Political Players, Power Retention, Legal Exposure, and the Architecture of a Viable Transition


Executive Summary

Venezuela’s transition away from Nicolás Maduro’s rule—whether abrupt or negotiated—cannot succeed if it is framed as the elevation of a single opposition figure or the wholesale purge of existing state capacity. The country’s reality is institutional capture, fragmented legitimacy, and overlapping legal exposures. A successful transition must therefore balance constitutional legitimacy, popular mobilization, institutional continuity, and credible accountability.

This paper identifies:

  1. The principal political players likely to appear in, or influence, a transitional authority;

  2. Which Maduro-era figures still retain coercive or administrative power;

  3. Which individuals face credible risk of prosecution under U.S. or international law;

  4. A phased framework for a transition that avoids state collapse while restoring legitimacy.

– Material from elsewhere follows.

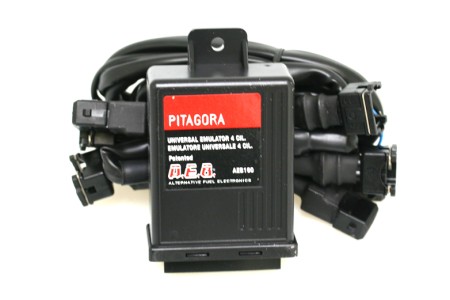AEB 160 Pitagora - emulatore 6 cilindri  (Uni / senza spina)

I. The Opposition Side: Who Is There—and Why


Edmundo González Urrutia

Why he matters:González functions as a legal-constitutional anchor. He was internationally recognized by the U.S. and several allies as the winner of Venezuela’s disputed 2024 election. In any transition seeking international legitimacy, his inclusion is not optional—it is structural.

How he fits:

  • Provides constitutional continuity without radical rhetoric.

  • Acceptable to foreign governments, multilateral lenders, and technocratic ministries.

  • Lacks an independent mass movement, which paradoxically makes him safer as a unifying figurehead rather than a factional leader.

Risk:Without support from mobilized opposition forces, he cannot govern alone.


María Corina Machado

Why she matters:Machado is the most effective mobilizer of anti-regime sentiment inside Venezuela. She commands loyalty, courage capital, and international media attention.

Why she cannot be the sole beacon:

  • She does not demonstrably command a national governing majority on her own.

  • Her hard-line posture alarms regime-embedded institutions whose cooperation is necessary to prevent chaos.

  • Over-personalization around Machado creates a “winner-take-all” dynamic that incentivizes sabotage.

How she fits:

  • Essential member of a collective executive or political council.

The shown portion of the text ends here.